Records from a collection:
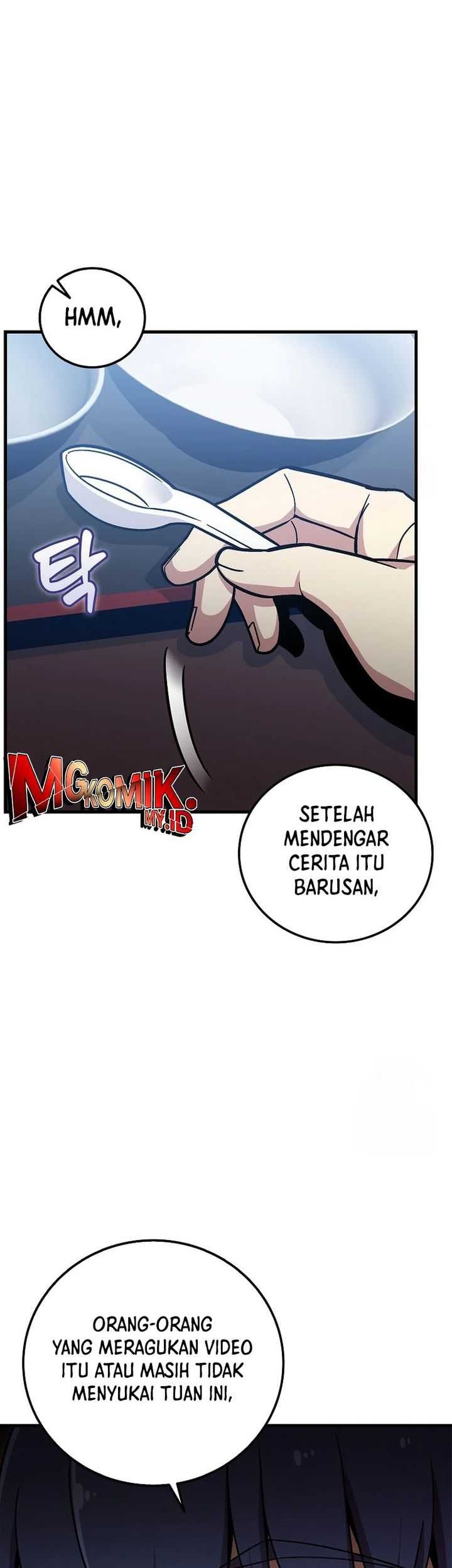 Admission is a Waste of Time Chapter 30 - halaman 41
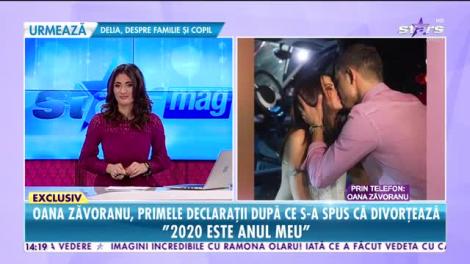 Star News. Oana Zăvoranu, declarații exclusive: I-am trimis un mesaj de prietenie lui Pepe, de Crăciun. Eu am fost cea care a stricat relația lui!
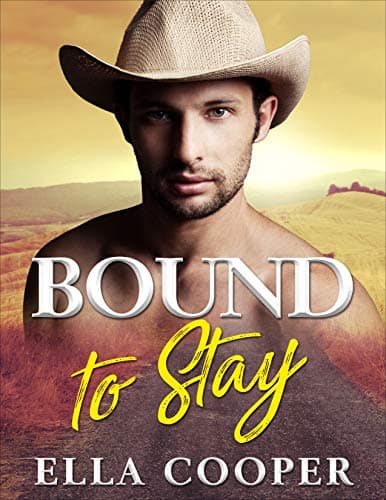 Cover for Bound to Stay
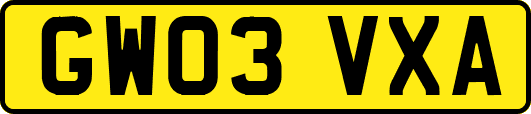 GW03VXA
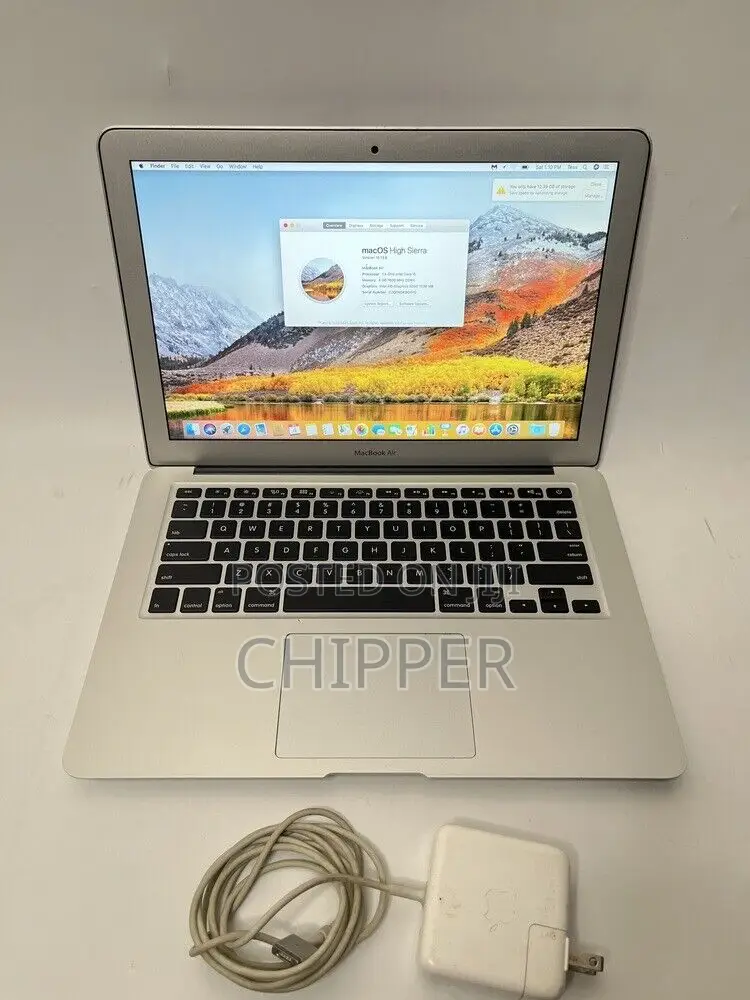 Laptop Apple MacBook Air 2015 8GB Intel Core I5 SSD 128GB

→ **About this task**
All lines after and including the one with "Cover for Bound to Stay", through the end of the entries above, should be output exactly and by themselves. The pictures are to be left out.

→ **Solved problem**
 Cover for Bound to Stay
 GW03VXA
 Laptop Apple MacBook Air 2015 8GB Intel Core I5 SSD 128GB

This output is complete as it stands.